[Saved entries]
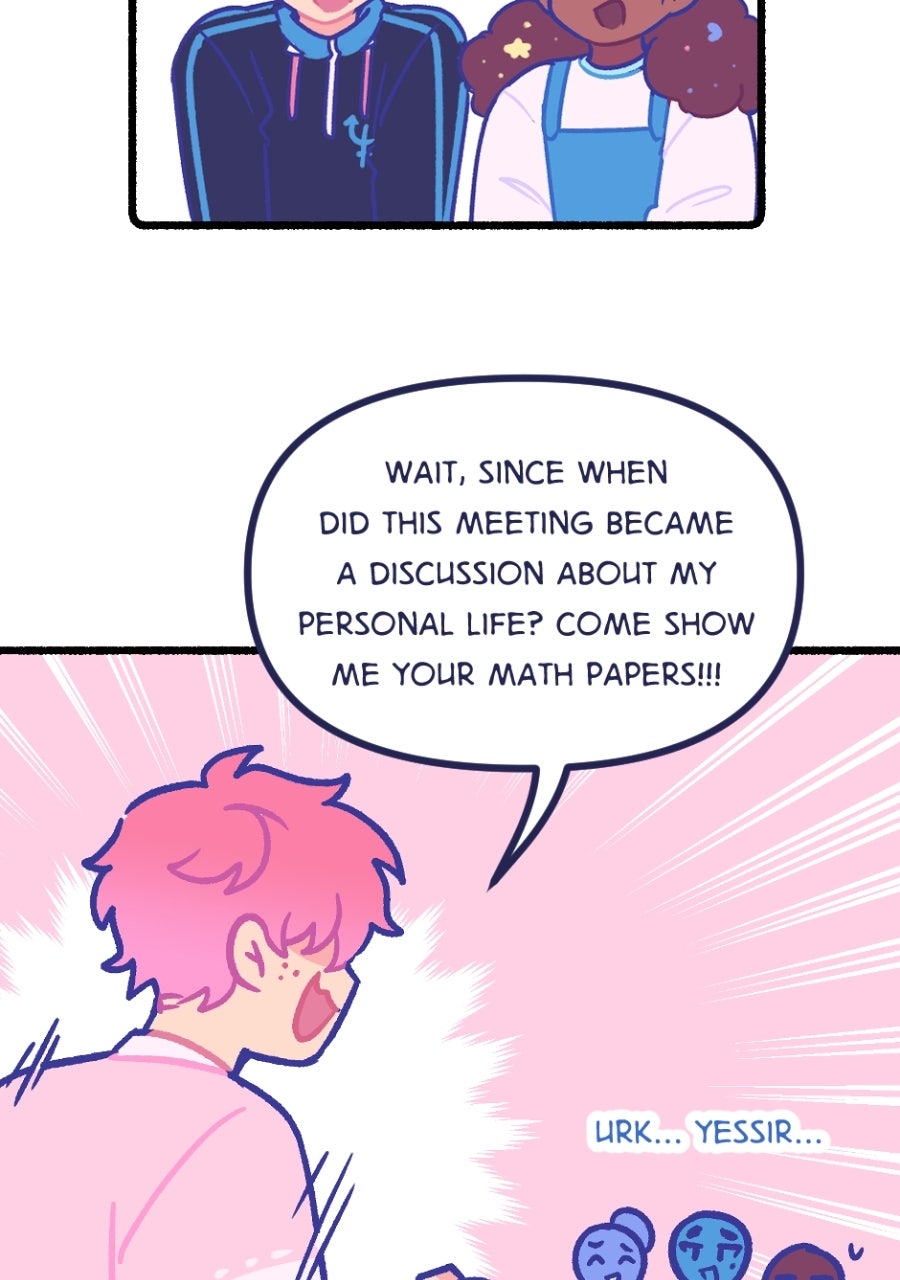 Boyfriends. (S3) Episode 218 page 18 - 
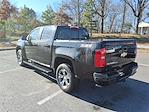 2017 Chevrolet Colorado Crew Cab RWD Pickup for sale #20224A - photo 2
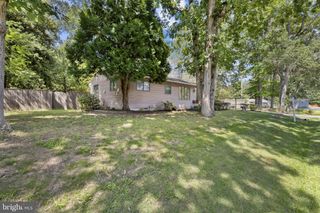 1502 MANOR VIEW RD, Davidsonville, MD 21035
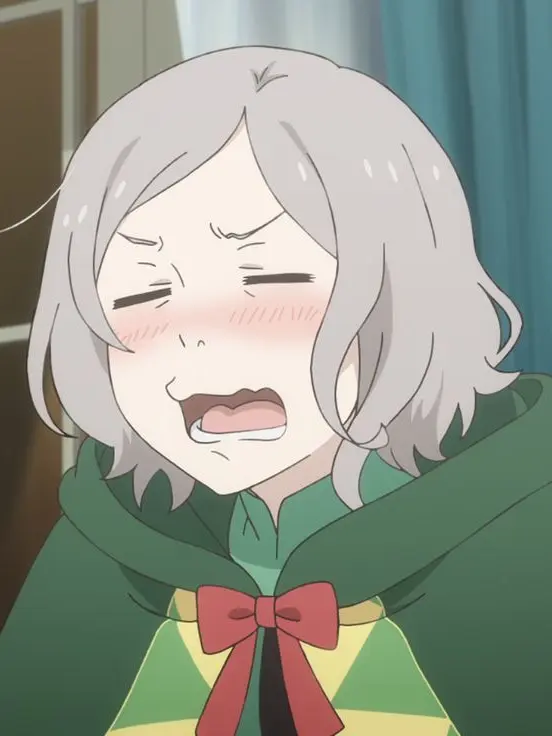 EMT의 オットー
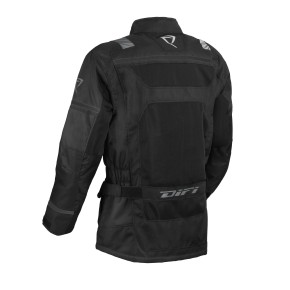 DIFI KALAHARI AIR MOTORRADJACKE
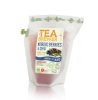 Északi bogyós gyümölcsök és Chai Organic Teafőző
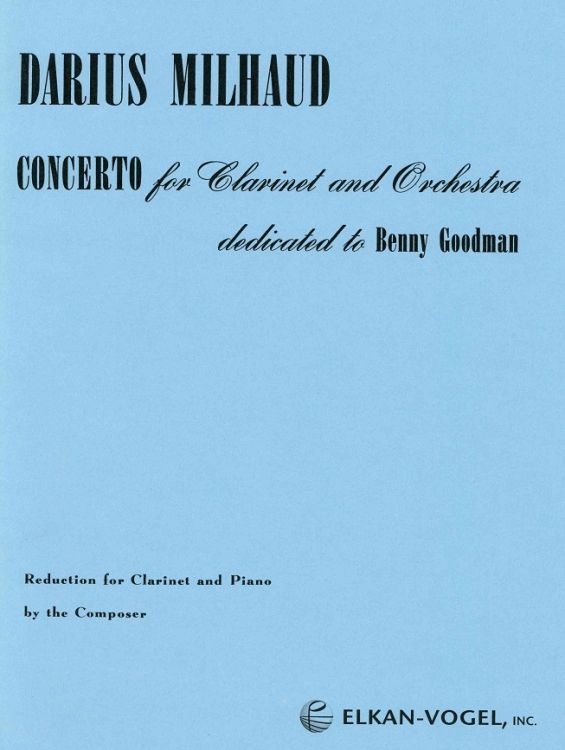 darius-milhaud-konzert-clr-orch-_clr-pno__0001.jpg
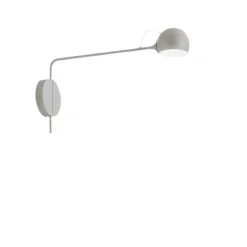 Artemide Appliques><noscript><img width=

_What is needed:_ Restate the data above verbatim, skipping every image.

_Solution to this problem:_
 Boyfriends. (S3) Episode 218 page 18 - 
 2017 Chevrolet Colorado Crew Cab RWD Pickup for sale #20224A - photo 2
 1502 MANOR VIEW RD, Davidsonville, MD 21035
 EMT의 オットー
 DIFI KALAHARI AIR MOTORRADJACKE
 Északi bogyós gyümölcsök és Chai Organic Teafőző
 darius-milhaud-konzert-clr-orch-_clr-pno__0001.jpg
 Artemide Appliques><noscript><img width=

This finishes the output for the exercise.